Joint Base Lewis-McChord’s newest general took command Wednesday, pledging to care for soldiers as they return from Afghanistan while reorienting the Army’s focus in the South Sound to the nation’s challenges on the Pacific Rim.
Maj. Gen. Stephen Lanza will oversee that shift as the leader of the newly reactivated 7th Infantry Division. It’s a command that gives him authority over nearly 18,000 soldiers in Lewis-McChord’s Stryker, aviation and artillery brigades.
About 8,000 soldiers in his division are in Afghanistan today. Another 4,000 are preparing to go there this fall.
Lanza said they’ll return home to different demands than they’ve known in the past 11 years of frequent deployments to Iraq and Afghanistan. His job will center on providing them with resources to adjust to life at home and to their changing assignments.
“To those we ask much, we owe much,” Lanza said. “As leaders of the 7th Infantry Division, we must provide clear guidance, the tools and resources necessary for our soldiers to execute their tasks, and a high degree of care that is befitting our dedicated warriors.”
The ceremony that marked the activation of his division concluded six months of work to build the command at Lewis-McChord.

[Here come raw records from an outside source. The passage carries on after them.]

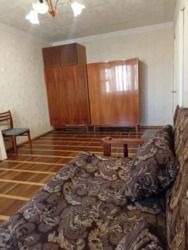 1� �������� �. ����� ������ ���� 5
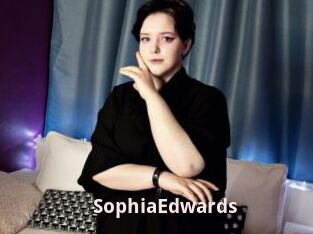 SophiaEdwards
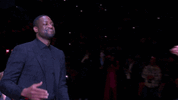 1778014384579.gif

Secretary of the Army John McHugh announced in April that the division would be reactivated at the base to give Lewis-McChord a traditional Army command structure. It fills a missing layer of management that is standard at the Army’s other largest posts.
The Army last had a division headquarters at then-Fort Lewis in 1991.
McHugh’s announcement followed a bad run of news for Lewis-McChord, including the March slaying of 16 Afghan civilians, allegedly at the hands of one of its Stryker soldiers, and a string of war crimes in 2010 in which members of a Stryker platoon killed three Afghan noncombatants during patrols in Kandahar province.
Some defense experts at the time suggested that a division headquarters could have improved training and oversight for those brigades before they deployed.
Now, Lewis-McChord has the same command structure as Fort Hood in Texas and Fort Bragg in North Carolina: Brigades report to a two-star general in a division, and a division answers to a three-star general in a corps.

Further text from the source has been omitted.